A fantastic new arrangement of “White Light/White Heat” followed as built on a pulsating synth loop that echoed Bowie’s panting in the intro. Gabrels’ solo was another monster here with Garson’s pummeling piano ending things on an energy peak. Bowie’s panting segued wonderfully into the biggest shocker in these sets, and the reason why I had to buy this release: the completely unexpected cover of Laurie Anderson’s “O Superman.” I remember this happening in the set we saw live and it was one of those utterly shocking concert moments where one can’t believe what one is hearing.
Ms. Dorsey carried the lead vocal here, with Bowie only joining in on the choruses. Where the minimalism of the arrangement expanded to take in carefully modulated elements of the Drum + Bass style Bowie was exploring at this time. Oscillating between the calmly spoken calls and the squelching fury of the instrumental responses. The decisions to incorporate this song into this set was a brilliant one.
Finally, the number two reason why I had to buy this edition was the ultimate song here. Bowie teased the audience “just stay…just for a minute or two” with scant recognition from the audience as the unfamiliar synth loop led them astray before Bowie let loose a “damn!” under his breath as Gabrels stuck the boot in on the distinctive riff at the heart of “Stay.” As pulsating synths spiraled upward against the funky rhythm that Zach Alford and Ms. Dorsey were putting down. The original arrangement was not taken to full embrace of Drum + Bass, but was still heavily altered to shake up the paradigm and to vigorously color outside of the song’s outlines.
What it was was every inch the showstopper that it had always been. Given the a full 7:41 to expand into an almost psychedelic version of the blistering Soul song. The guitar here was the least changed element of the song which helped to ground it against all of the pushing and pulling being done to it. With Gabrel’s final climactic solo finally cutting free of the song’s blueprint. What a thrill it was to hear this live and I’m gratified that this arrangement has been captured on disc here.
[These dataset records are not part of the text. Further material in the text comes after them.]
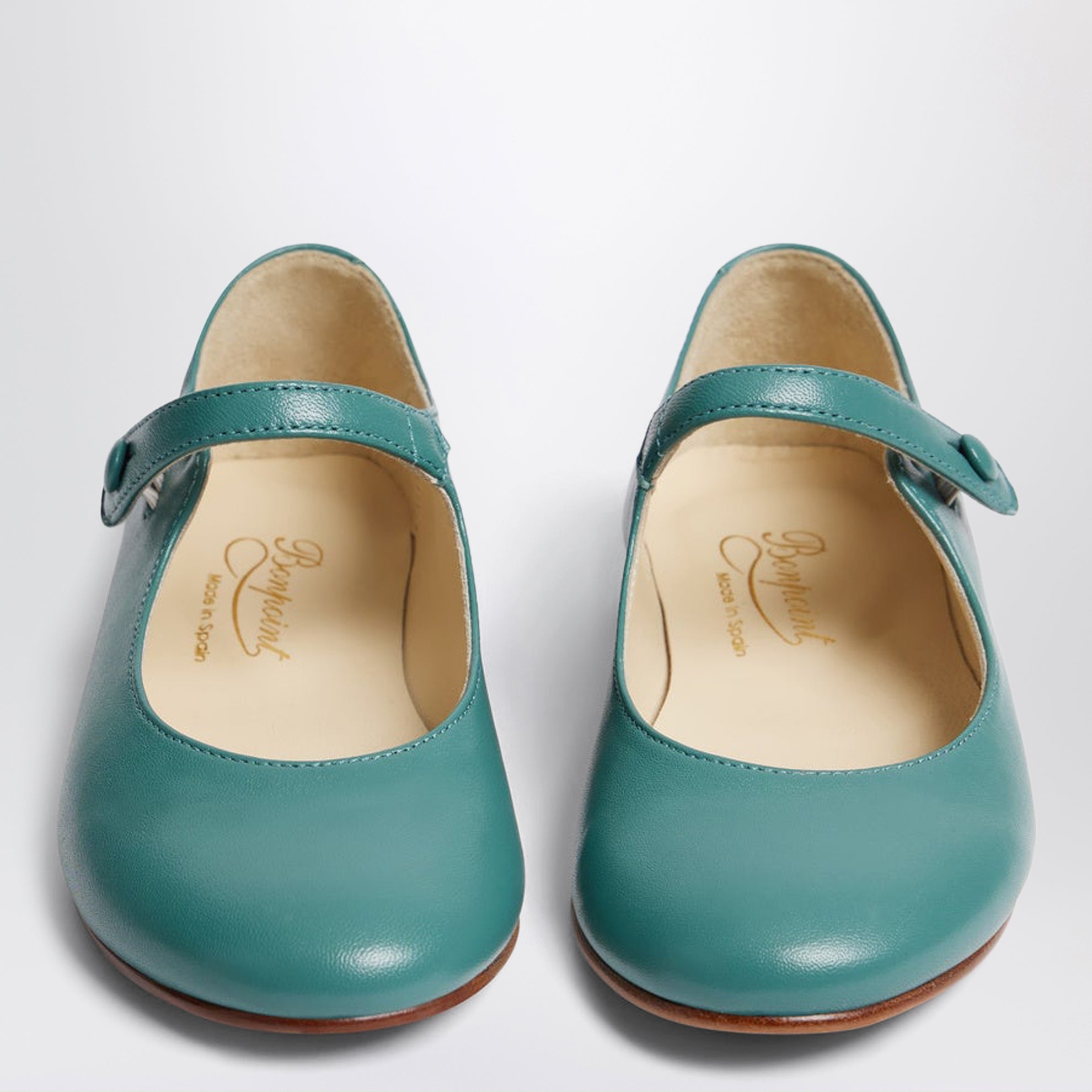 Ballerines Ella en cuir vert ardoise
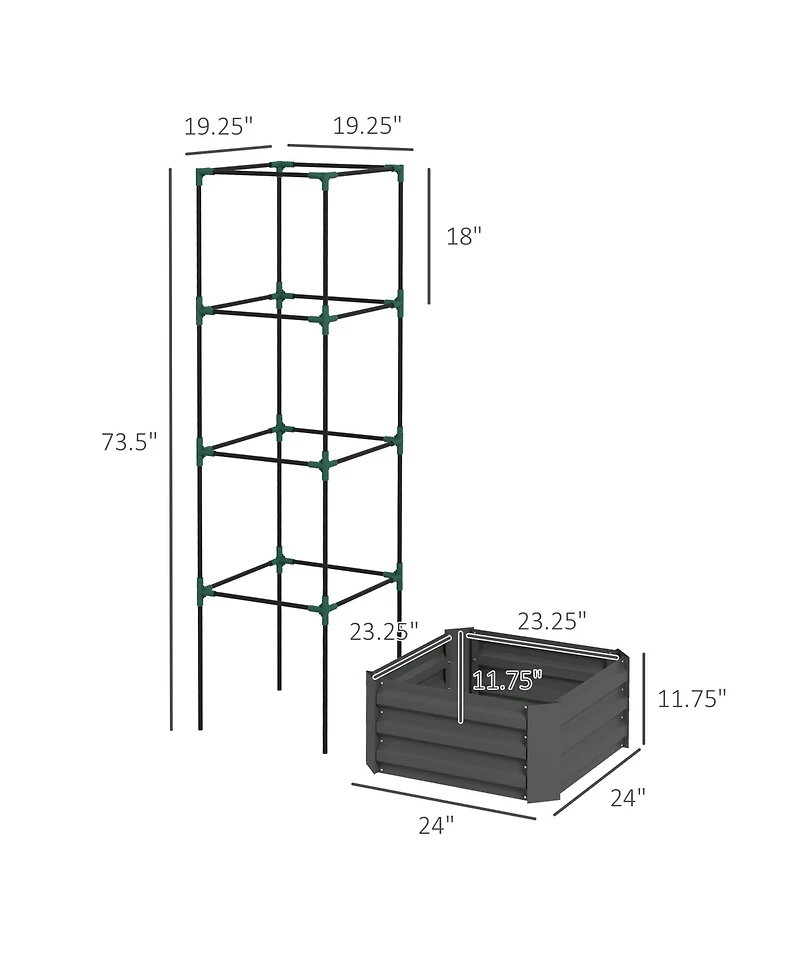 Outsunny Galvanized Raised Garden Bed w/ Tomato Cage,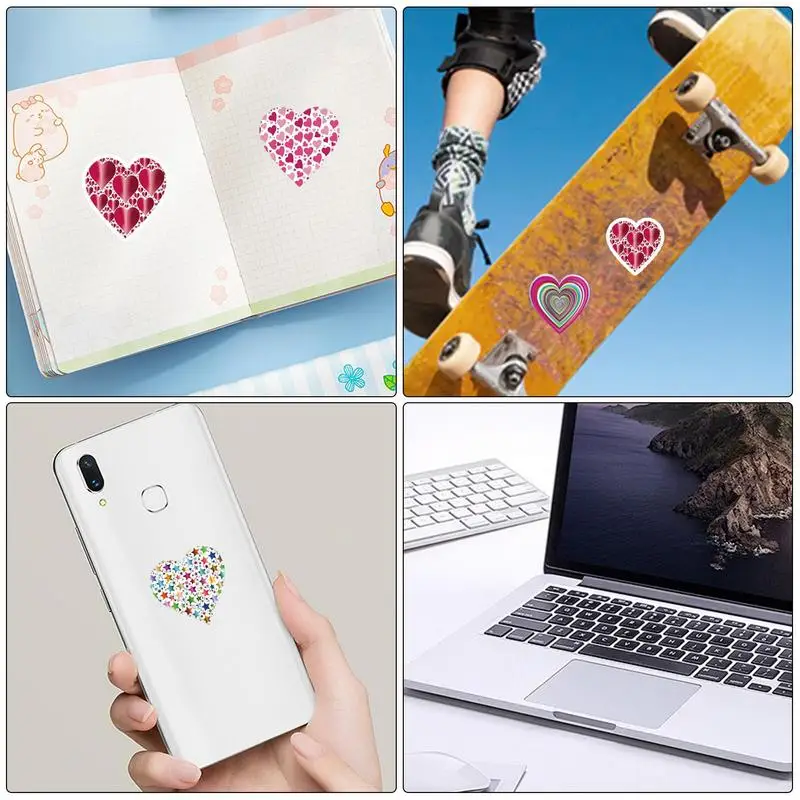 500 шт., рулоны наклеек в форме сердца, креативные этикетки, самоклеящиеся наклейки в форме сердца, инновационная клейкая этикетка в форме сердца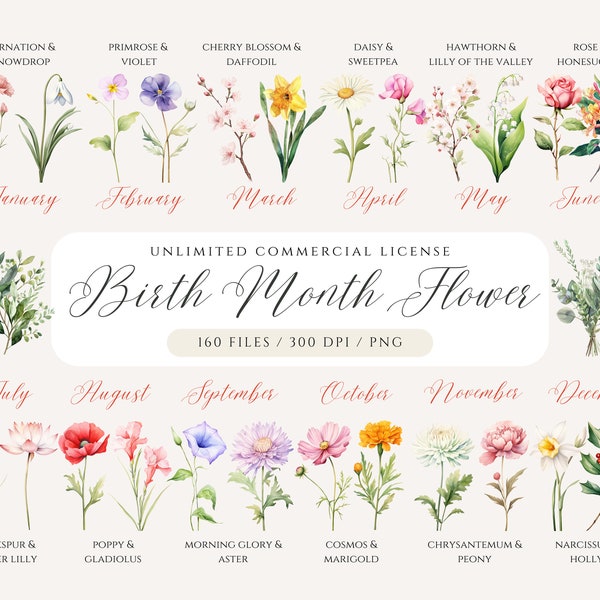 Clipart fleur pour le mois de naissance, PNG fleur de naissance, bouquet de fleurs pour le mois de naissance, cadeau fête des mères, aquarelle de fleurs pour le mois de naissance, clipart floral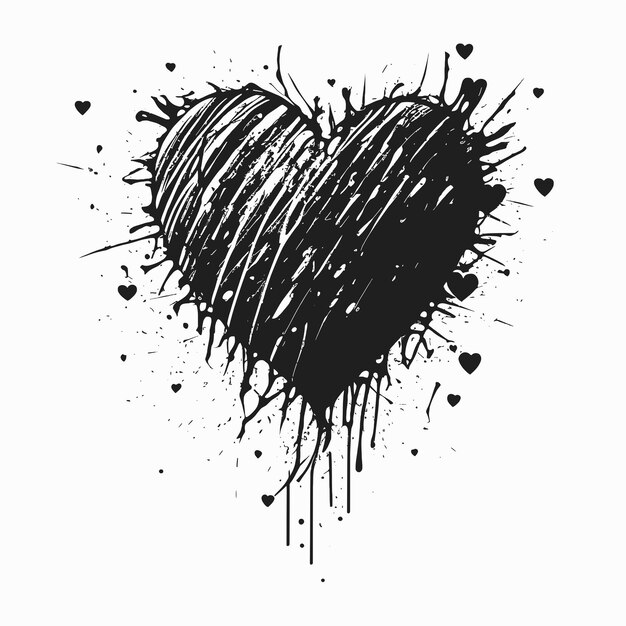 Cuore Segno dell'icona del cuore disegnato a mano - pennello disegno calligrafia cuore cuore nero simbolo cartone animato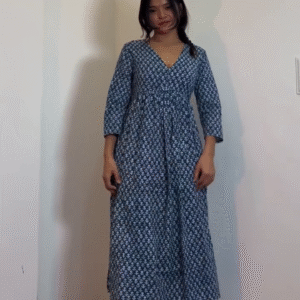 💙 Indo Era Blue Ethnic Motifs Printed Empire Pure Cotton Kurta with Trousers Set – Elegant & Comfortable 💙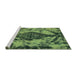 Sideview of Machine Washable Abstract Turquoise Modern Area Rugs, wshabs582turq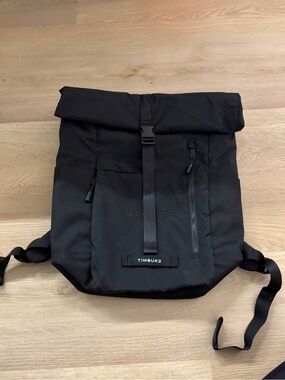 Timbuk2 Black Roll-Top Backpack with Front Strap
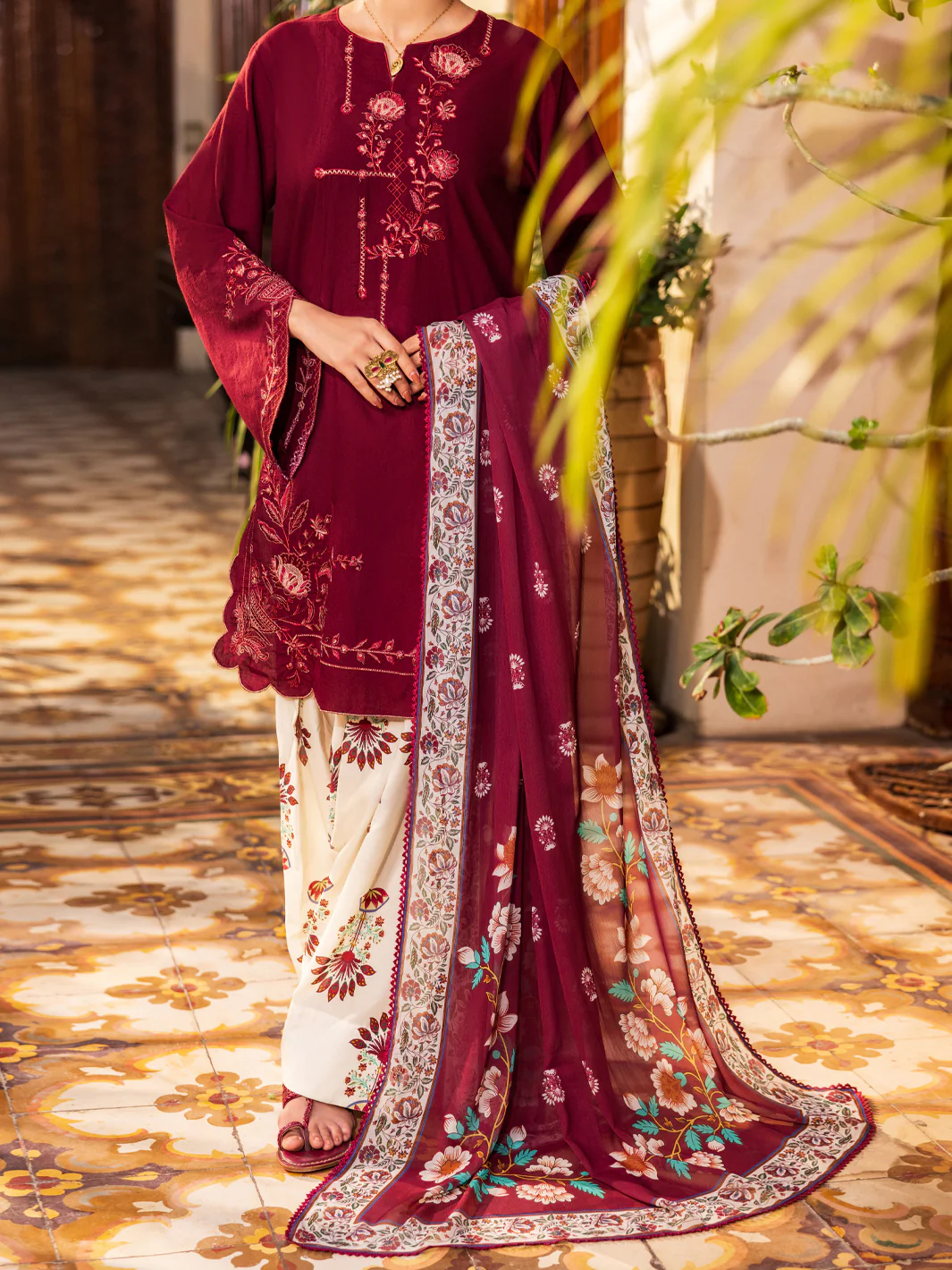 Maroon Cotton Stitched 3Pc - ALP-3PS-2629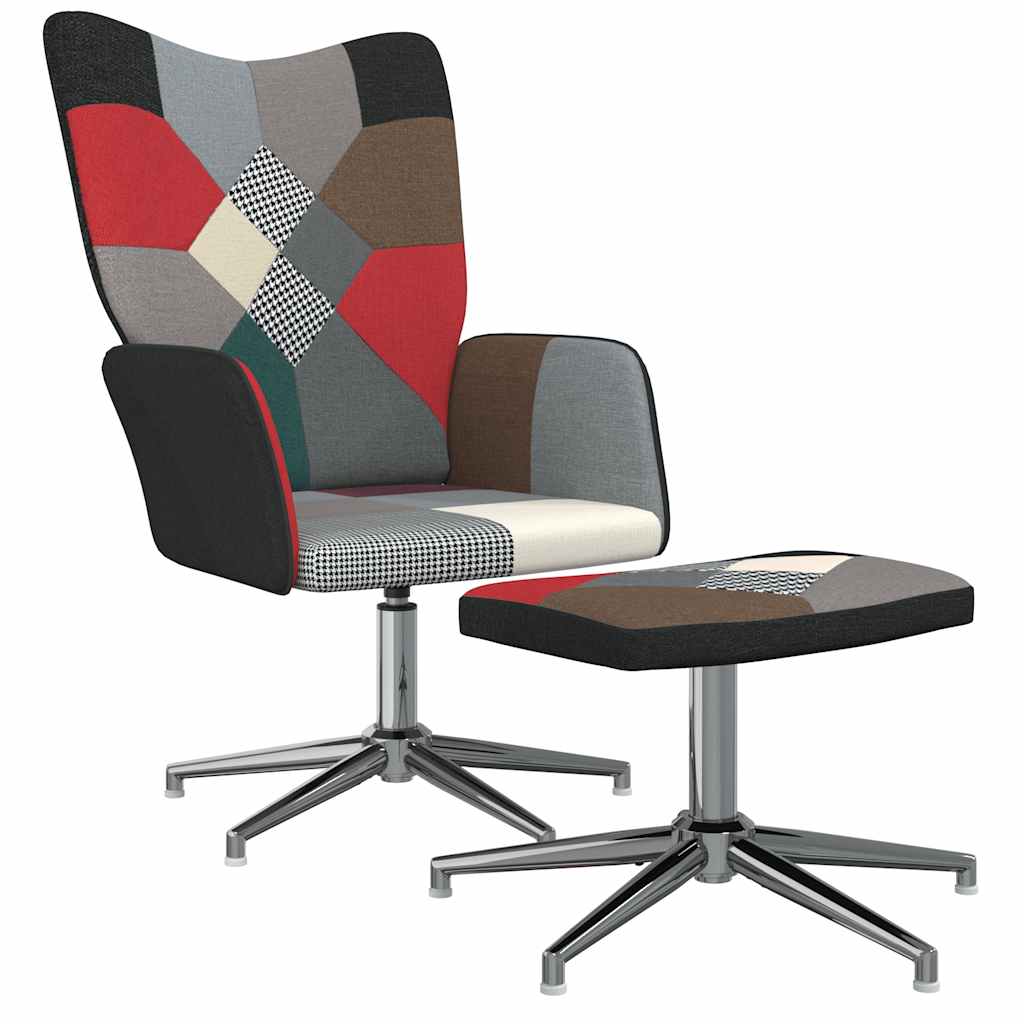 Relaxstoel met voetenbank patchwork stof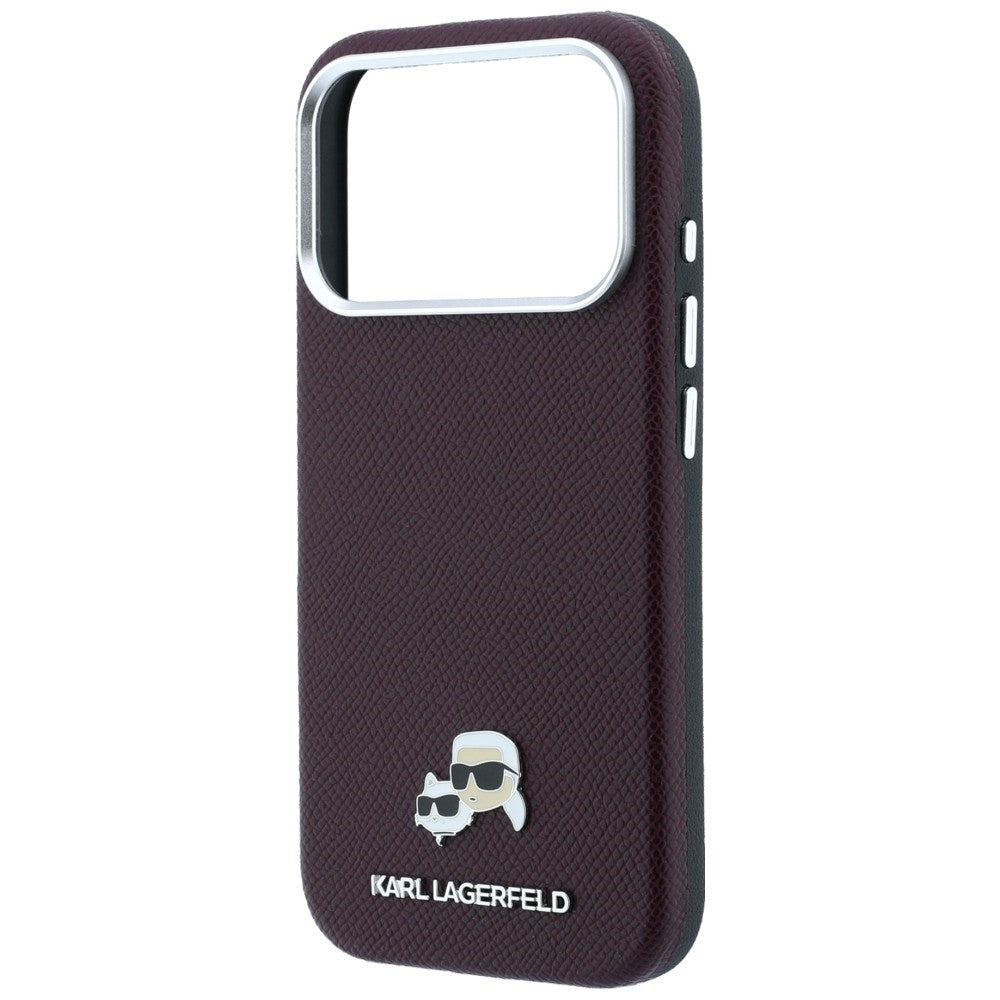 Funda MagSafe para Apple iPhone 18 Pro Max / 17 Pro Max, Karl Lagerfeld, Grained KC Heads, Burdeos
Until such time that the Bowie estate releases a 3xCD of “Night Two at The Chili Pepper,” this CD will hold a special place in my hear as at least an approximation of that utter and complete Bowie feast. The five piece band were necessarily built on a foundation of samples and loops to put across the Drum + Bass leanings of the “Earthling” material; but the level of musicianship that players like Garson, Dorsey, and Gabrels brought to the live playing ensured plenty of thrills.
And the set lists that Bowie was interested in exploring at this time were deep cut extravaganzas meant for the fans like myself who ended up sitting out the eighties and wondering if Bowie would ever rediscover his mojo. His tours of the nineties were proof that he was re-positioning himself in a more fitting place than his stadium years had evidenced. I’ll admit that I’ve not been bothered to buy all of the posthumous releases that the Bowie estate have been releasing, but I have enough of the live albums to know that they manage to supersede all of the official live releases in his canon. “Look At The Moon! [Live Phoenix Festival ’97]” remains in stock for $24.95 at the Bowie web store, but it won’t last forever. “Ouvre Le Chien [Live Dallas ’95]” is already sold out and expect all of the “Brilliant Live Adventures” series to follow suit sooner than later. I’ve got to admit, after hearing these two gems, the appearance of “Repetition” on the “Something In the Air [Live Paris ’99]” disc is whispering in my ear.
I had to have this after reading the above, and upon first listen, it does not disappoint! Thoroughly engaging and a most worthy addition to the Bowie canon.
LikeLiked by 1 person
Big Mark – On disc, it’s as close as I’ll ever get to that marathon we experienced on the night of October 8, 1997. So I’ll take it!